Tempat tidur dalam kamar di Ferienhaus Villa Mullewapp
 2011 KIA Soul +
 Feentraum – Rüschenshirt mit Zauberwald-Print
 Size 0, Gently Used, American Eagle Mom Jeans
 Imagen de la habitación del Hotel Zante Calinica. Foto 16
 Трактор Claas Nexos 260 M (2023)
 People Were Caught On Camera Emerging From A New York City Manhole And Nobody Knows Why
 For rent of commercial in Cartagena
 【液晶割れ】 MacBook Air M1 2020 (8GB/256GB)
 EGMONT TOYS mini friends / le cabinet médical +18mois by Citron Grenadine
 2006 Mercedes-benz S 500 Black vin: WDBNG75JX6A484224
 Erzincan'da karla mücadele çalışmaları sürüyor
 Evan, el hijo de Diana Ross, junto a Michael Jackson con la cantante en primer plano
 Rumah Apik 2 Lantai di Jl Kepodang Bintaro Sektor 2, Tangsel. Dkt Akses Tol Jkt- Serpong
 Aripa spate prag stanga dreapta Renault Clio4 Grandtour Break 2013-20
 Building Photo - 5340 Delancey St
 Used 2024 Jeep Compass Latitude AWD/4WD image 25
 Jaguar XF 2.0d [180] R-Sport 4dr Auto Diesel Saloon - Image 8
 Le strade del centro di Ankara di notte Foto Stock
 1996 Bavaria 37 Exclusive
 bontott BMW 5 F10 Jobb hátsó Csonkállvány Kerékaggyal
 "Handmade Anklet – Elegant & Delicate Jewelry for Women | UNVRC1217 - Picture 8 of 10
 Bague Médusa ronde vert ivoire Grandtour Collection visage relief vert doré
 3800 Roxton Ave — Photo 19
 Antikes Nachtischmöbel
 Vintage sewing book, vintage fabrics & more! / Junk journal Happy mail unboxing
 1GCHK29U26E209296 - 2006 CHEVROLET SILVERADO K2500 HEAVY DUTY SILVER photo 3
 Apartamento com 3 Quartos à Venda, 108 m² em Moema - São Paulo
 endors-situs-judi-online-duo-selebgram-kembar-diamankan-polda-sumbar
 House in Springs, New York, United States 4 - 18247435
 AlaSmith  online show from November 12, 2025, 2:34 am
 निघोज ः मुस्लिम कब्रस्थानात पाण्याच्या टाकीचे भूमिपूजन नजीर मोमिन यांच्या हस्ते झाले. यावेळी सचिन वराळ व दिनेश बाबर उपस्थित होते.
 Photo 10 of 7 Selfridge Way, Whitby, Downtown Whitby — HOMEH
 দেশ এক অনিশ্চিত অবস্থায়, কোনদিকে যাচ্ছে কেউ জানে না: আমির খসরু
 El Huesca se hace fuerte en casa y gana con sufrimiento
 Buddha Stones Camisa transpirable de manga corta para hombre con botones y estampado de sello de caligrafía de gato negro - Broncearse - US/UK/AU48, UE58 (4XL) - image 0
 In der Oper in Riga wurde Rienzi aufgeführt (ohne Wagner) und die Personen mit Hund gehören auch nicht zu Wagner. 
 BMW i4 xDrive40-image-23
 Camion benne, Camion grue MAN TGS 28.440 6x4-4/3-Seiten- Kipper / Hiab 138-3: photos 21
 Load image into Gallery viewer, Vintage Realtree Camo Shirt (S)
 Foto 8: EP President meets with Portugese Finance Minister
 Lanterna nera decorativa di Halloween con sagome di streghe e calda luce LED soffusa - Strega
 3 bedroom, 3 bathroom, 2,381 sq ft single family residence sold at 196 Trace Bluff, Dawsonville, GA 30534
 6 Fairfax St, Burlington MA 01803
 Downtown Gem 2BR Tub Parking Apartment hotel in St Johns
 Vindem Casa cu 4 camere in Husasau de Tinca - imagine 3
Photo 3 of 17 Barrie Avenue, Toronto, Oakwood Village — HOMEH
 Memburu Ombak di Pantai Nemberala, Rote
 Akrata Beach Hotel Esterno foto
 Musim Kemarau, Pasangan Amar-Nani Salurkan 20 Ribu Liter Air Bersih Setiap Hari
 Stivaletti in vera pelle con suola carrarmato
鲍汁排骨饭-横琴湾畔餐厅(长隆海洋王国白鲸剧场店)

━━━━━━

Word for word, reproduce the listing above from its start up to and including the line that has "Used 2024 Jeep". Give only those lines.

• **WRITTEN SOLUTION**:
Tempat tidur dalam kamar di Ferienhaus Villa Mullewapp
 2011 KIA Soul +
 Feentraum – Rüschenshirt mit Zauberwald-Print
 Size 0, Gently Used, American Eagle Mom Jeans
 Imagen de la habitación del Hotel Zante Calinica. Foto 16
 Трактор Claas Nexos 260 M (2023)
 People Were Caught On Camera Emerging From A New York City Manhole And Nobody Knows Why
 For rent of commercial in Cartagena
 【液晶割れ】 MacBook Air M1 2020 (8GB/256GB)
 EGMONT TOYS mini friends / le cabinet médical +18mois by Citron Grenadine
 2006 Mercedes-benz S 500 Black vin: WDBNG75JX6A484224
 Erzincan'da karla mücadele çalışmaları sürüyor
 Evan, el hijo de Diana Ross, junto a Michael Jackson con la cantante en primer plano
 Rumah Apik 2 Lantai di Jl Kepodang Bintaro Sektor 2, Tangsel. Dkt Akses Tol Jkt- Serpong
 Aripa spate prag stanga dreapta Renault Clio4 Grandtour Break 2013-20
 Building Photo - 5340 Delancey St
 Used 2024 Jeep Compass Latitude AWD/4WD image 25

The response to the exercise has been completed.